Publié le 2 juin 2022
En avril 2022, le Groupe d’experts intergouvernemental sur le climat (GIEC) a publié un rapport sur les solutions pour réduire nos émissions de gaz à effet de serre. Loin du discours des lobbies présentant le nucléaire comme la solution magique au changement climatique, cette technologie y joue un rôle bien marginal. Les vrais leviers d’action sont ailleurs.
Le GIEC ne prescrit pas le recours à des technologies (celui-ci relevant du choix de chaque État), mais dessine différentes trajectoires permettant d’atteindre nos objectifs climatiques. Ne produisant pas lui-même de scénarii, il collecte et analyse les travaux de prospective existants, dont une large part provient des industriels, gouvernements ou organisations comme l’Agence Internationale de l’Énergie. La plupart des scénarios partent des orientations existantes en termes de politique énergétique pour chaque pays, mais quelques-uns reposent sur une approche plus volontariste (par exemple, comment viser 100% d’énergies renouvelables en restant sous 1,5°C de réchauffement).

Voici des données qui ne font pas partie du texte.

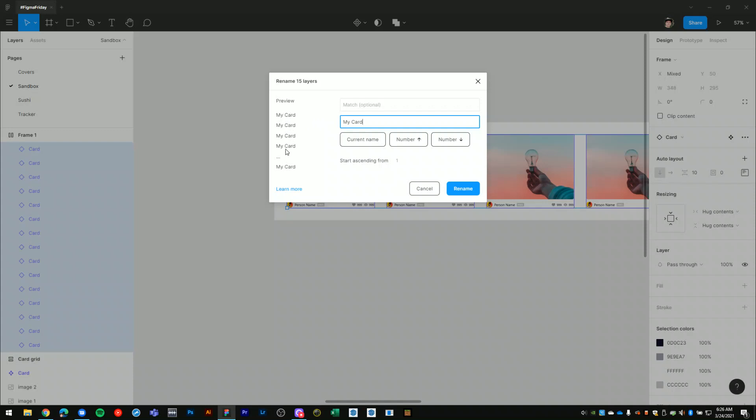You can preserve the current name, so that just adds the name that I had for that layer before. I'll delete that. What you can do is add numbers counting upward or downward.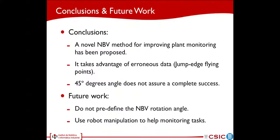To conclude, a new approach of next best view has been proposed for improving plant monitoring when leaf misinterpretations arise. This approach takes advantage of erroneous data — the jump-edge flying points — to compute the next best view. However, a heuristic-based 45 degrees angle does not assure complete success. As future work, it will be interesting to not predefine the next best view rotation angle and find a more reliable automatic measure. It will also be of interest to be able to manipulate the scene with a robot to help monitoring tasks.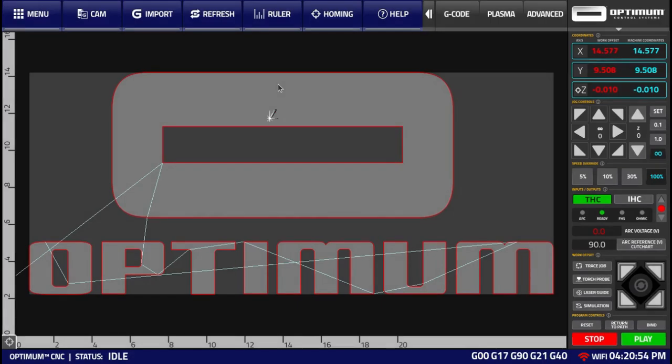In this video, we'll be talking about manual data input, or MDI, that is available within OptumCNC plasma cutting software.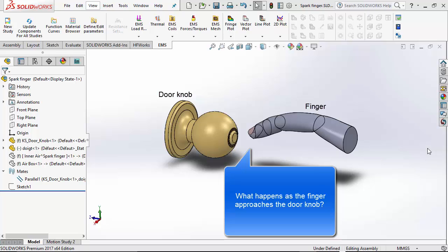What happens when your finger is at a particular distance from the knob? And what happens as the distance keeps decreasing?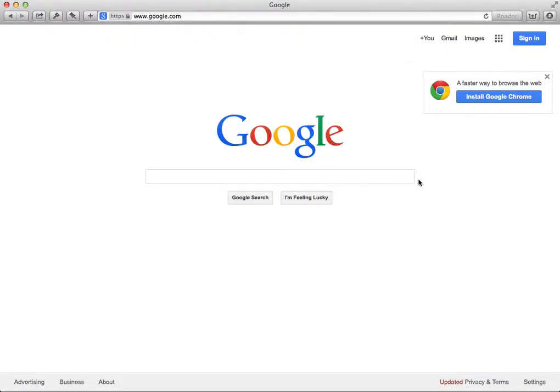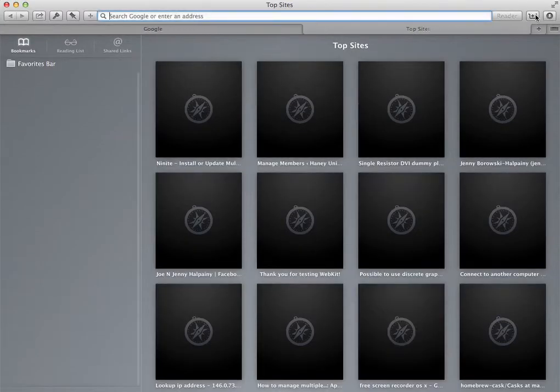Go ahead and click done and then when you want to open up a new tab, you just click on that and there you have it.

L’industrie nucléaire chinoise prévoit d’installer dans le pays l’équivalent du parc nucléaire mondial. Au regard de cette donnée, la moitié des 97 scénarii limitant le réchauffement à 1,5°C table sur une production quasi doublée entre 2019 et 2050 (une médiane correspondant au scénario « Nucléaire Haut » de l’Agence Internationale de l’Énergie, qui a systématiquement surestimé la croissance du nucléaire). Mais un quart envisage une croissance inférieure à 10 %, voire insignifiante ou nulle, voire une baisse. Une partie d’entre eux voit la contribution du nucléaire divisée par deux d’ici 2040, et quelques-uns voient le nucléaire quasiment disparaître d’ici à la fin du siècle. Ces conclusions rejoignent celle du rapport spécial sur les moyens pour limiter le réchauffement à 1,5°C publié en 2018, qui mentionnait explicitement des scénarii de disparition du nucléaire [1].
En outre, sa part dans le mix électrique mondial stagne ou recule dans la moitié des scénarii, restant au plus sous 10 %, voire sous 2,5 % pour un quart d’entre eux.
Explorer plus précisément les données des scénarios.
Jean-Marc Jancovici, qui prétendait dans un cours aux étudiant·es de l’École des Mines que "Dans le rapport [du GIEC], tous les scénarios d’émissions qui permettent de rester sous la barre des 1,5◦C sont des scénarios qui voient un nucléaire multiplié par un facteur 2 à 6 d’ici à 2100 (je crois) " ferait donc mieux de relire ses sources !
Indépendamment de ces modélisations, le rapport nuance fortement le potentiel de développement du nucléaire, affecté par « le dépassement des coûts, des besoins d’investissements initiaux élevés, les défis de la gestion des déchets radioactifs et des niveaux variables d’acceptation par la population et de soutien politique » et pouvant difficilement se développer sans un soutien étatique assumant une part significative des coûts.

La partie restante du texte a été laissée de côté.